If buying a new camera or lens gives you nightmares of random photography terminology, you are not alone. The cloud of jargon can be confusing indeed. One term that you’re likely to hear more often than others is optical image stabilization. A simple explanation is that it helps to get a sharper image, especially when your hands are moving during the exposure. This video by TechQuickie explains the term in much greater detail:
Digital vs. Optical Image Stabilization
There is a great bit of distinction between digital and optical image stabilization. Don’t be fooled by tall claims by camera and smartphone makers when they promise you digital image stabilization. Optical image stabilization (OIS) is the clear winner. It involves actually physically moving the lens or the sensor—depending on the type of stabilization system—and corrects the image coming through the lens to ensure that it is perfectly aligned with the sensor.
How Does Optical Image Stabilization Work?
Manufacturers use specialized gyroscopic sensors inside the lens that sense when the image is out of alignment with the sensor. There are even specialized gyros that correct an image only for vertical shake when you are panning. Tiny electromagnets together with these specialized gyros correct the angle of the lens or the image sensor based on whether it is a lens based system or a sensor based system.
Lens Based Optical Image Stabilization
Lens based systems are found on DSLR cameras. They affect the axis of the lens to keep the image coming through it perfectly aligned with the sensor.
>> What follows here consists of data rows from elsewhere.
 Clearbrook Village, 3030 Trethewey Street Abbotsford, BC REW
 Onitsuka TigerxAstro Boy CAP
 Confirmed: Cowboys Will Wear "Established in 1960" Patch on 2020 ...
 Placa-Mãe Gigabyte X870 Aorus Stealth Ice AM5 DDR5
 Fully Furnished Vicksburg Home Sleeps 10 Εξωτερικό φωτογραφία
This type of image stabilization is not feasible in devices such as smartphones, which don’t have sufficient space between the lens and the sensor.
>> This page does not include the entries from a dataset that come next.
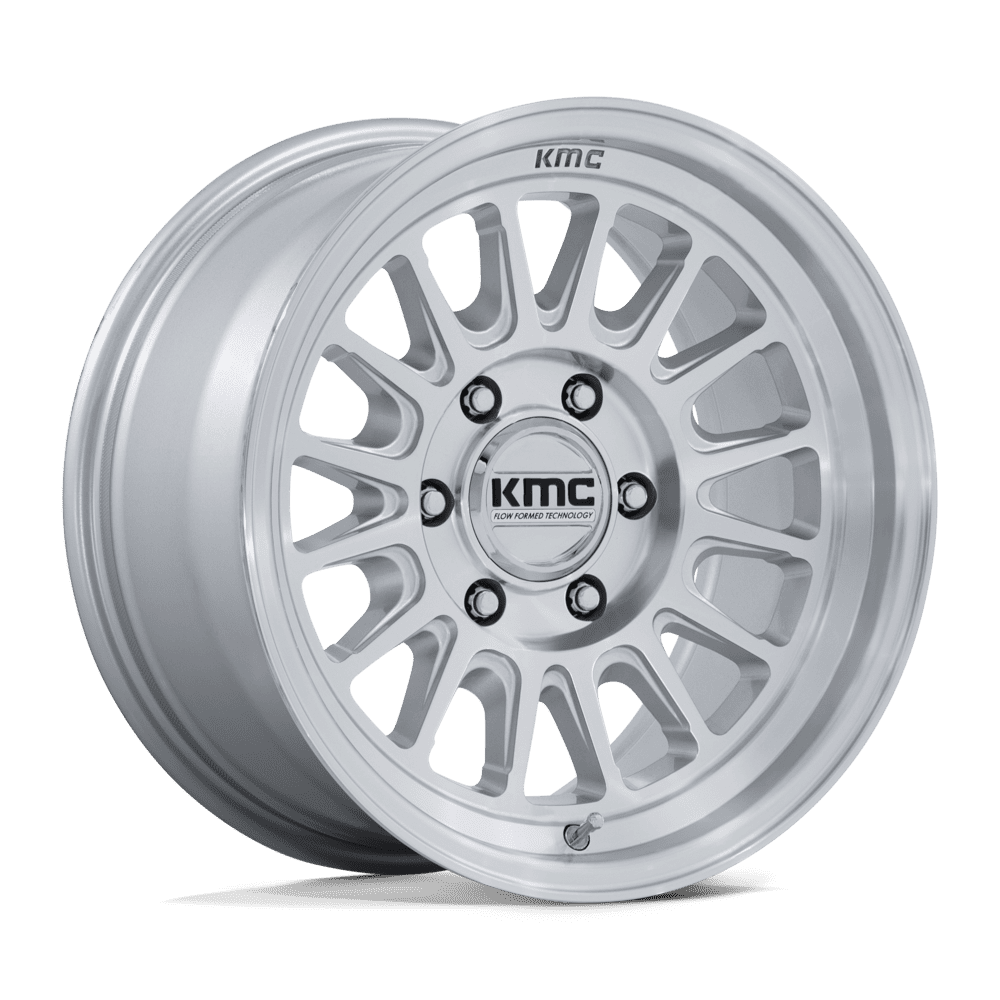 KM733 IMPACT FFT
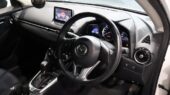 2016 Mazda Demio 13S Low KMS image 316425
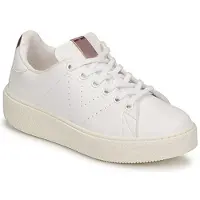 Victoria Sneakers TRIBU pojkar - Vit - 28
Sensor Based Optical Image Stabilization
Sensor based image stabilization is less common. It actually moves the image sensor in response to any movement of the subject. The benefit of in-body image stabilization—apart from the fact that it makes every lens compatible with the system ‘stabilized’ by default—is that it can also adjust the focal length between itself and the lens. This type of image stabilization is feasible on smaller devices like smartphones.
Sensor based optical image stabilization does come with some problems. Since the image is not already stabilized, there is noticeable low light auto-focusing performance issue, especially when there’s lag in the LCD screen or viewfinder. Additionally, the size of the lens affects the quality of the stabilization performance.
And there you have it. Do you use image stabilization?